May 5, 2024

TARP Paid Millions in Unsupported Legal Fees, Report Says

The special inspector general for the Troubled Asset Relief Program said auditors questioned $8.1 million of a sampling of $9.1 million in bills from four law firms paid by Treasury’s Office of Financial Stability.

The firms submitted bills with either no descriptions or vague descriptions of the work performed, unsupported expense charges and administrative charges that were not allowed under their contract, the inspector general’s report said.

The most striking examples of problematic bills were from Simpson Thacher Bartlett, the report said.

“Simpson Thacher billed O.F.S. $5.8 million in fees and expenses with bills that provided no detail whatsoever as to the work performed,” the report said.

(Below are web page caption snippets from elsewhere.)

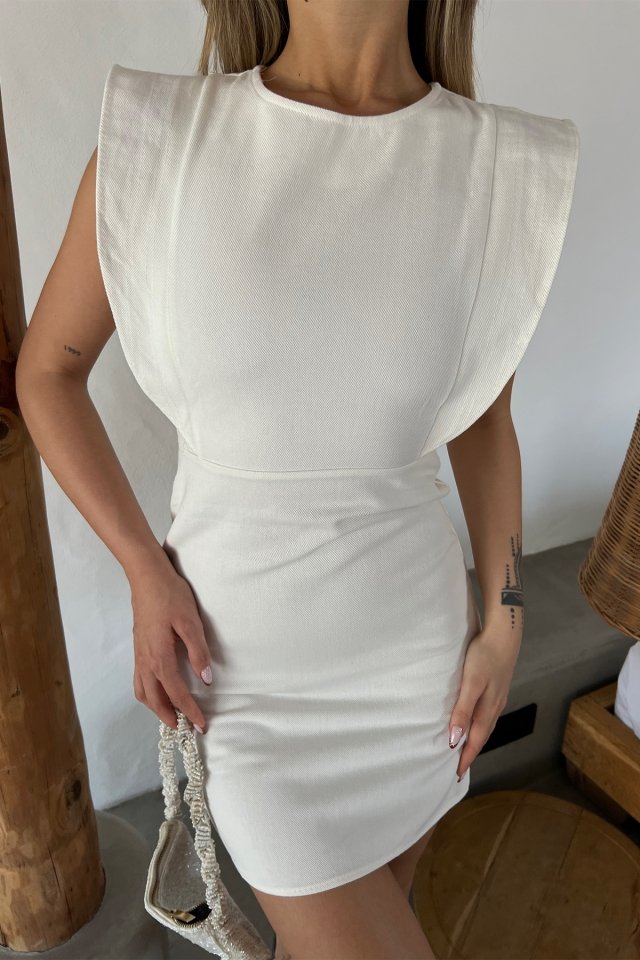 Beyaz Basic Mini Elbise ATE4499 - 2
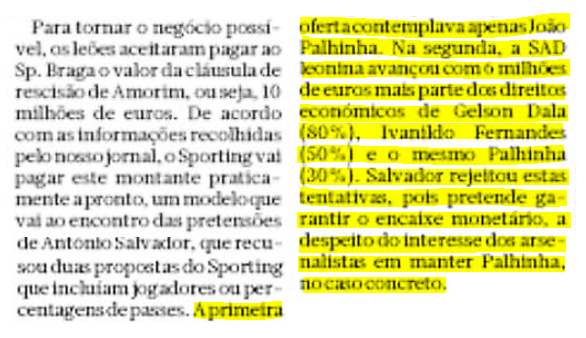 nunovalinhas's tweet photo. 4Mar: afirma o @Record_Portugal que houve 2 propostas feitas pelo #SportingCP por #RúbenAmorim:

1) Palhinha
2) 6M€ + #GelsonDala (80%) + #IvanildoFernandes (50%) + #Palhinha (30%)

#AntónioSalvador falou em: verba + 2 jogadores + % do Palhinha. https://t.co/FfkaksFTOy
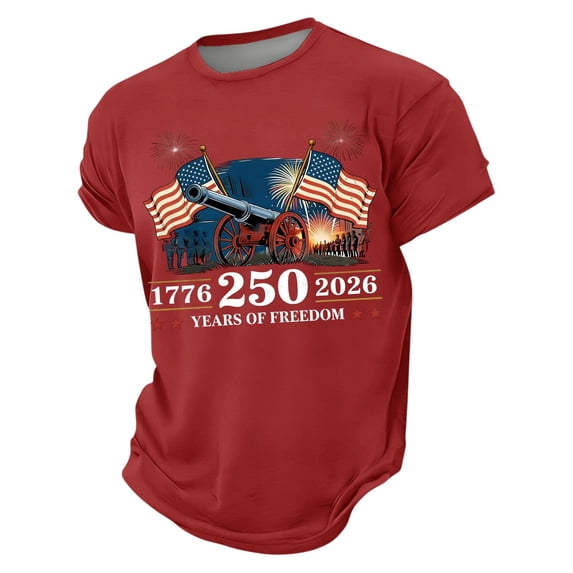 Havenx Mens Patriotic T Shirts Short Sleeve Crew Neck Shirts American Flag Design Tshirts Freedom We the People Classic Summer Tees,Red S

Later, however, the report mentions that Simpson Thacher provided corporate law advice related to bank bailout investments and the sale of Citigroup stock.

In a statement that made no direct reference to the report, Simpson Thacher said “Our team of highly qualified lawyers worked closely with the Treasury staff on a daily basis to structure and implement TARP programs that played a key role in stabilizing the U.S. financial system.”

The watchdog, which investigates waste and fraud in the bailout program, also examined bills from Cadwalader Wickersham Taft, Locke Lord Bissell Liddell and Bingham McCutchen, formerly McKee Nelson L.L.P.

The report said that although auditors questioned bills from all of the law firms, it did not mean that all of the fees and expenses were unreasonable.

“These services were of high quality and critical to the success of our programs,” a Treasury Department spokesman, Mark Paustenbach, said. “We believe the procedures we followed ensured that taxpayers received good value.”

As of March, the office that runs the relief program had paid the four firms legal fees and expenses totaling more than $25.5 million, the audit said.

“O.F.S. should determine the allowability of $7,980,215 in unsupported legal fees and expenses paid to the law firms,” it concluded.

The report also recommended that Treasury try to recover $91,482 in “ineligible” fees and expenses paid to Simpson Thacher.

But the report did not question the quality of legal work done by the firms and noted that Treasury had negotiated billing rates equal to or lower than those obtained by other federal agencies and substantially lower than the respective firms’ standard rates.